▶ Exercise requirements:
Starting at the line that holds "I'll just weld" and stopping at the line that holds "Go to the file, gray", restate the records below word for word, with both of those lines included.
------------------------------------------------------------------------
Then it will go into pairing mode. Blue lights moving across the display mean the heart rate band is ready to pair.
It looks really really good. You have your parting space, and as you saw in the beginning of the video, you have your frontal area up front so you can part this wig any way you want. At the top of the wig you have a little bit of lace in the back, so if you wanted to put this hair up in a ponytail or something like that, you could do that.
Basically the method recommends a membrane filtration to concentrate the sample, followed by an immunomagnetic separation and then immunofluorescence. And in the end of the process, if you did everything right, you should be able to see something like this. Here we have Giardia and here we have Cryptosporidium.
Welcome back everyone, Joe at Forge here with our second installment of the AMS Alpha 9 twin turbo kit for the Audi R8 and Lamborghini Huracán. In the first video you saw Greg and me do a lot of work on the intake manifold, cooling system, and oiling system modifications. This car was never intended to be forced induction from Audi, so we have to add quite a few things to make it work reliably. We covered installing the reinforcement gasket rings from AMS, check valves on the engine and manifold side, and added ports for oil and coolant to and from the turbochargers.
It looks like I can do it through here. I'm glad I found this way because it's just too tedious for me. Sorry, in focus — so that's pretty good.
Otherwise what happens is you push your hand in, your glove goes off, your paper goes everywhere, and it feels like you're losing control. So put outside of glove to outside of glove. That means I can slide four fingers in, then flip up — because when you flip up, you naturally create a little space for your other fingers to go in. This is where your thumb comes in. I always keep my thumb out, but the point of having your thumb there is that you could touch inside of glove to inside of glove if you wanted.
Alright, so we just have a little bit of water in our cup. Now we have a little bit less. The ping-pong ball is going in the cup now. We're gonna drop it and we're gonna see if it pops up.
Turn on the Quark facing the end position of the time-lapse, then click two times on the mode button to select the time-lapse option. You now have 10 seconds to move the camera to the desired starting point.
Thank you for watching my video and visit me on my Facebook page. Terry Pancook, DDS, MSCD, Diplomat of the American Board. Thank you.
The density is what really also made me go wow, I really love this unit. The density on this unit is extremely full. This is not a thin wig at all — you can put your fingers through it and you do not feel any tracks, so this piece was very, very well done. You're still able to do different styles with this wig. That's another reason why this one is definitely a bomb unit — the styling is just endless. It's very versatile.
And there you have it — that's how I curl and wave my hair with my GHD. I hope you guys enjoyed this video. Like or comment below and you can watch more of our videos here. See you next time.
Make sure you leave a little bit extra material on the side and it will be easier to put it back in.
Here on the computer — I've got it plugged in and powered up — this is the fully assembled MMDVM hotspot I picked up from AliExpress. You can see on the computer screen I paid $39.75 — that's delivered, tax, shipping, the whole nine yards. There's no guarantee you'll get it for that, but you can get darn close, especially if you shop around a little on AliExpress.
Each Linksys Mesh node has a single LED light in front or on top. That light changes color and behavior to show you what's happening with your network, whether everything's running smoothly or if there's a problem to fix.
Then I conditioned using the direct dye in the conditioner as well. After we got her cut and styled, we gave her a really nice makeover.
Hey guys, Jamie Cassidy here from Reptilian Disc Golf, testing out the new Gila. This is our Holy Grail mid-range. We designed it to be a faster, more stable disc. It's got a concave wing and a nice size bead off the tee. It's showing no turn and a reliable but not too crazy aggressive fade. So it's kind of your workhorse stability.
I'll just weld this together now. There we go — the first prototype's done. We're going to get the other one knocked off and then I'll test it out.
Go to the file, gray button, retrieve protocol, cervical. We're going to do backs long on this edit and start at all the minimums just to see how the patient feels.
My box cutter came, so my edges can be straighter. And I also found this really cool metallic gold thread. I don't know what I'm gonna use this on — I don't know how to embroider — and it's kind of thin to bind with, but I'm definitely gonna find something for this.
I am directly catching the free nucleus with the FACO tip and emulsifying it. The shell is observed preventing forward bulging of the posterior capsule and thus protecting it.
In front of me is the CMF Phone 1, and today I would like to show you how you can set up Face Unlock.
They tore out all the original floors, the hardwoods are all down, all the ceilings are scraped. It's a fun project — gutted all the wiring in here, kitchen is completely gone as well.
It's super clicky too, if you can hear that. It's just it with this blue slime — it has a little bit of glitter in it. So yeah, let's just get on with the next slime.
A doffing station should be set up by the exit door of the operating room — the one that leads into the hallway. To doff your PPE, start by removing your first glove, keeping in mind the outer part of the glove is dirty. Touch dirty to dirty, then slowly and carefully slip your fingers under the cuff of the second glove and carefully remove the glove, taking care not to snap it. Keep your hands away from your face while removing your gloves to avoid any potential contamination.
------------------------------------------------------------------------
▶ Response:
I'll just weld this together now. There we go — the first prototype's done. We're going to get the other one knocked off and then I'll test it out.
Go to the file, gray button, retrieve protocol, cervical. We're going to do backs long on this edit and start at all the minimums just to see how the patient feels.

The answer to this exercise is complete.